**ABOUT THIS TASK**. Copied exactly and without pictures, the lines from the beginning of the entries through the one that holds "Used 2011 INFINITI" should form the entire reply.

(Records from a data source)
=== Begin Enclosure ===

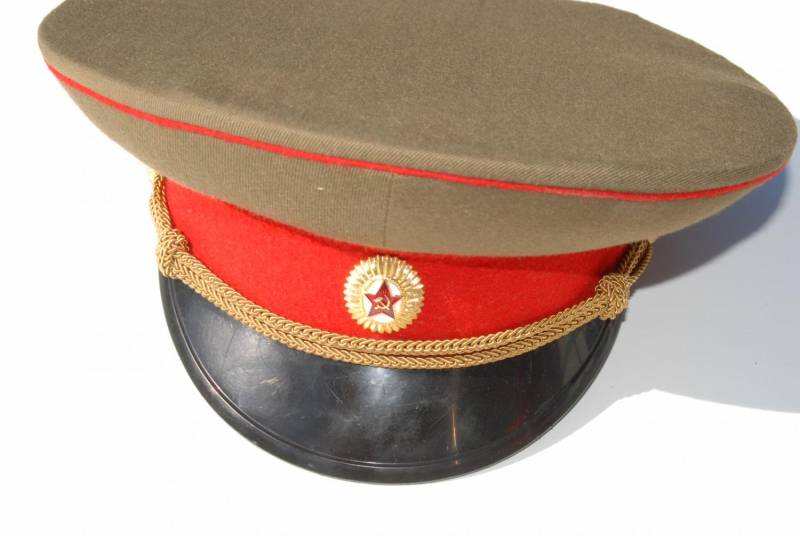 ox_stara-wojskowa-czapka-armii-zsrr-sowiecka-minsk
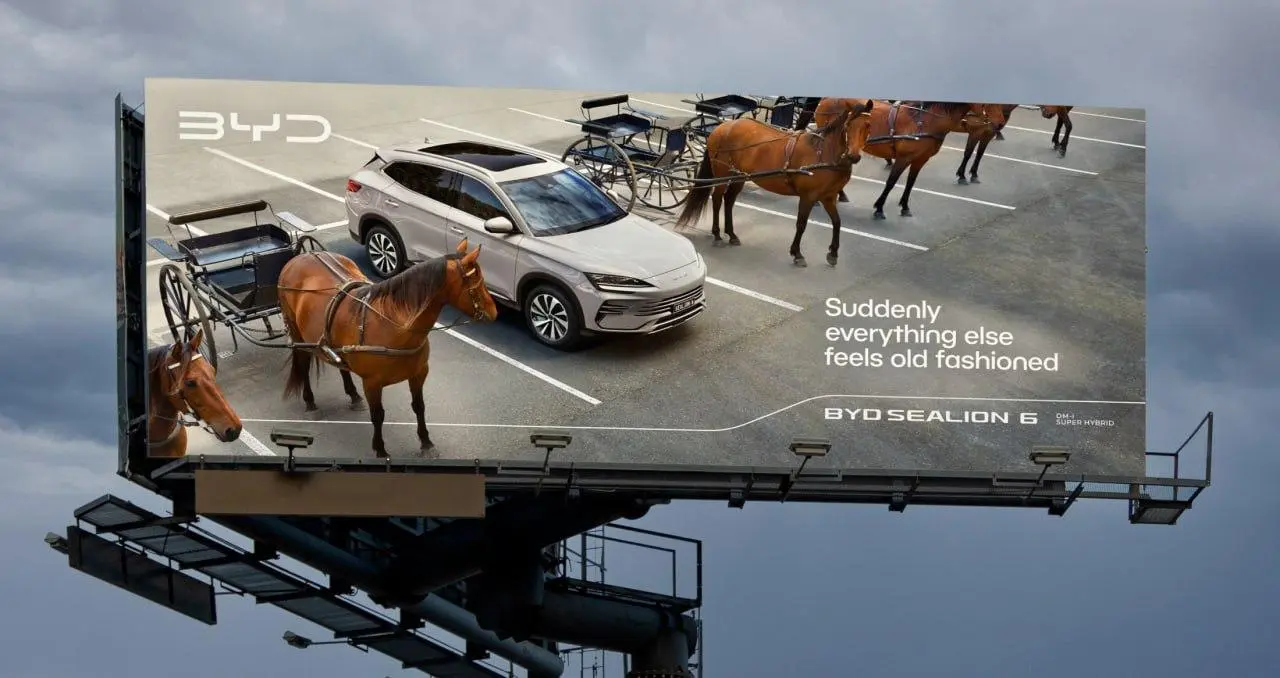 BYD троллят. Компания прошлась по конкурентам, показав их в новой рекламе в виде повозок с лошадьми и велосипедов с прицепами | Сетка — социальная сеть от hh.ru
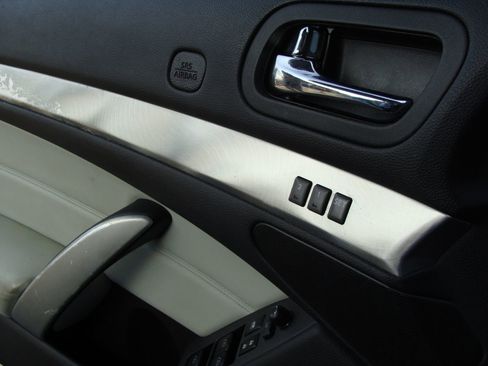 Used 2011 INFINITI G37 Sport w/ Premium Pkg image 20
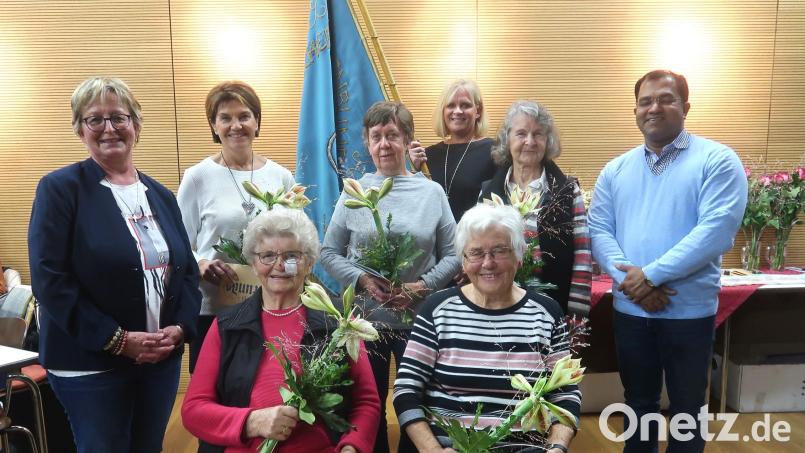 Für langjährige Treue ehrt der Frauenbund bei seiner Adventfeier einige Mitglieder. (Sitzend): Anna Götz und Theresia Lettner (50 Jahre). (Stehend von links): Sprecherin Monika Mrosek, Gerlinde Schertl (25), Katharina Zwack (40), Susanne Liermann, Lieselotte Rass (25) und geistlicher Beirat Pater Robin Xavier. Bild: rha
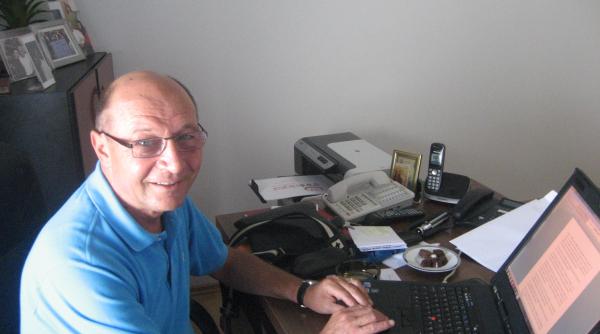 anun de ultima ora traian basescu i i scrie memoriile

=== End Enclosure ===

**ANSWER SECTION**.
 ox_stara-wojskowa-czapka-armii-zsrr-sowiecka-minsk
 BYD троллят. Компания прошлась по конкурентам, показав их в новой рекламе в виде повозок с лошадьми и велосипедов с прицепами | Сетка — социальная сеть от hh.ru
 Used 2011 INFINITI G37 Sport w/ Premium Pkg image 20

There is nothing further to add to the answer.